Policy Announcements

On January 17,
2023, Assistant Attorney General Kenneth Polite announced that DOJ’s FCPA Corporate
Enforcement Policy would become known as the Corporate Enforcement and Voluntary Self-Disclosure
Policy, applicable to all criminal matters handled by the DOJ
Criminal Division. This revised policy provides criteria for a
declination or a reduced fine of up to 75% when a company
voluntarily self-discloses misconduct, fully cooperates with DOJ,
and takes timely and appropriate remedial action.

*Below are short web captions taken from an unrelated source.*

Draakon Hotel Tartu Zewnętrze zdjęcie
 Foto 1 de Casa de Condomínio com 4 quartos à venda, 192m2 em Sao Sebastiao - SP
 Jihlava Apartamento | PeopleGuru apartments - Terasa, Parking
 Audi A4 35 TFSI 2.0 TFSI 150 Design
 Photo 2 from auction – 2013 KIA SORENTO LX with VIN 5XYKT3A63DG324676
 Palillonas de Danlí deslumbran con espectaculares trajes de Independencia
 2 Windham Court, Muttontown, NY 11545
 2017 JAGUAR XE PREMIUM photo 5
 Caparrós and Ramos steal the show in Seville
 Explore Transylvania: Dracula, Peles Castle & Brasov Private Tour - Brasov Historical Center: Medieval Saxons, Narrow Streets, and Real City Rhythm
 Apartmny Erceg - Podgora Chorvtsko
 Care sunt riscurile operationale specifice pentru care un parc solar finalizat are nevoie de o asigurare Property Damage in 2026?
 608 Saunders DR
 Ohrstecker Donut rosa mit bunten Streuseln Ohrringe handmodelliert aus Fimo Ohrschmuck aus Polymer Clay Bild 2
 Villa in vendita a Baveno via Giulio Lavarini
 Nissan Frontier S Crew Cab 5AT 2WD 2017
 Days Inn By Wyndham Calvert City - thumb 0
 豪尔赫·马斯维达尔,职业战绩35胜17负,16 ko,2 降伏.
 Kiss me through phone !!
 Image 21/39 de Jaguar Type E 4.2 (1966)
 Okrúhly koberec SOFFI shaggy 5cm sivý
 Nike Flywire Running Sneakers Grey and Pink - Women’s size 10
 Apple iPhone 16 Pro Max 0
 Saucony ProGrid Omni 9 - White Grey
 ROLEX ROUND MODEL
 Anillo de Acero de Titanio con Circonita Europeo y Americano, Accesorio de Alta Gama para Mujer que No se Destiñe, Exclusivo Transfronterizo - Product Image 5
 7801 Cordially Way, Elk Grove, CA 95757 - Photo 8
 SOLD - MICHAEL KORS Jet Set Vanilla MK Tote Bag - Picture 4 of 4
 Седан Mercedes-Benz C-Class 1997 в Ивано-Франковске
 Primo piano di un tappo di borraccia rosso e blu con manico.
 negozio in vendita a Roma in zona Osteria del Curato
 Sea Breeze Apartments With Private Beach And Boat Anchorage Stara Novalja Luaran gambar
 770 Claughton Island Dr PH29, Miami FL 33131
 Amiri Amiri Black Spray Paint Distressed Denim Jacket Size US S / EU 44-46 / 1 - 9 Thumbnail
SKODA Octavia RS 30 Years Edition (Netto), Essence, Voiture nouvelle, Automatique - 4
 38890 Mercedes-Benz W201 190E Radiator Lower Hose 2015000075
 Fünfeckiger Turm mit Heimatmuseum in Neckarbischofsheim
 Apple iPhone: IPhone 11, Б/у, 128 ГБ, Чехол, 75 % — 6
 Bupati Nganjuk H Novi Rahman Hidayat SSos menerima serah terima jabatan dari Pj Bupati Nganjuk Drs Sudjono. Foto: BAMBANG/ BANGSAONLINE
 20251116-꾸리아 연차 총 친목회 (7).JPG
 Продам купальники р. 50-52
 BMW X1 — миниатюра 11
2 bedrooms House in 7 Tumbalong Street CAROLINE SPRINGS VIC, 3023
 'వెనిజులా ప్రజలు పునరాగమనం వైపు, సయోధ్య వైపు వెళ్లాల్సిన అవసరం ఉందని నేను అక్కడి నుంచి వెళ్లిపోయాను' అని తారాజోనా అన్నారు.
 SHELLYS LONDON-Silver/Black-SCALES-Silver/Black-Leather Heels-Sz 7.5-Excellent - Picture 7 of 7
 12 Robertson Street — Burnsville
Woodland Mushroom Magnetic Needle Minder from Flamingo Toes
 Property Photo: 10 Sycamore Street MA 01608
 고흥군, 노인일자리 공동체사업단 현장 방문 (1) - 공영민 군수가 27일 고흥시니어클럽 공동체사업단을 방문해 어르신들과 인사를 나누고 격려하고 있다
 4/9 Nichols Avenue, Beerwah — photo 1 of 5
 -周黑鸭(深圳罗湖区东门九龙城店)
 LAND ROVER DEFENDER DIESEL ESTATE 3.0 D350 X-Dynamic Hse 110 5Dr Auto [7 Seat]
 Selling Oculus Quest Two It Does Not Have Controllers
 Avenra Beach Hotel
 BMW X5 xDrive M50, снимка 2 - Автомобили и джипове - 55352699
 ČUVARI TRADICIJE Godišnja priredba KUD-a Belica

In a widely discussed memo issued by Deputy Attorney General Lisa
Monaco in September, DOJ publicized several revisions to its
Corporate Enforcement Policy. The memo sheds light on the DOJ’s
current approach to corporate recidivism, cooperation, independent
corporate compliance monitors, and other topics.5

In December, at the annual ACI FCPA conference in Washington,
Acting Principal Deputy Assistant Attorney General Nicole
Argentieri discussed what has become known as the
“Monaco Memo,” while other DOJ and SEC officials spoke
about various enforcement and compliance trends. For more of Arnold
& Porter’s coverage of the ACI FCPA Conference, see:

Collateral Litigation

As we previously have reported, collateral civil litigation
often accompanies corporate FCPA enforcement actions. Recent
developments from some of the cases winding their way through US
courts include:

  • Goldman Sachs and certain individual defendants agreed to
    settle a shareholder derivative suit related to the company’s
    deferred prosecution agreement for violations of the FCPA in
    connection with obtaining and retaining business from a Malaysian
    sovereign wealth fund known as 1MDB. Fulton Cnty.
    Employees’ Ret. Sys. on Behalf of Goldman Sachs Grp. Inc. v.
    , No. 19-CV-1562 (VSB), 2022 WL 4292894 (S.D.N.Y.
    Sept. 16, 2022).

  • The US District Court for the District of New Jersey dismissed
    a Caremark claim brought by shareholders of Cognizant Technology
    Solutions alleging that the board failed to exercise oversight
    consistent with its fiduciary duties in the years leading up to an
    FCPA enforcement action by the SEC. In re Cognizant Tech. Sols.
    Corp. Derivative Litig.
    , No. CV1701248KMCLW, 2022 WL 4483595
    (D.N.J. Sept. 27, 2022).

  • The Second Circuit, in a summary order, upheld the SEC’s
    decision to deny a whistleblower award in connection with an FCPA
    enforcement action. Doe v. Sec. & Exch. Comm’n,
    No. 21-2537, 2022 WL 16936098 (2d Cir. Nov. 15, 2022).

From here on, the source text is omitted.